### What is being asked
Please reproduce, exactly and with nothing added, the lines of the material below that run from the one containing "A butterfly painted" to the end.

### Exercise data

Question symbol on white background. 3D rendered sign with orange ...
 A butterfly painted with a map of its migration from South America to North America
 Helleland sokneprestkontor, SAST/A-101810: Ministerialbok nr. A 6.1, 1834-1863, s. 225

######

### Final answer
 A butterfly painted with a map of its migration from South America to North America
 Helleland sokneprestkontor, SAST/A-101810: Ministerialbok nr. A 6.1, 1834-1863, s. 225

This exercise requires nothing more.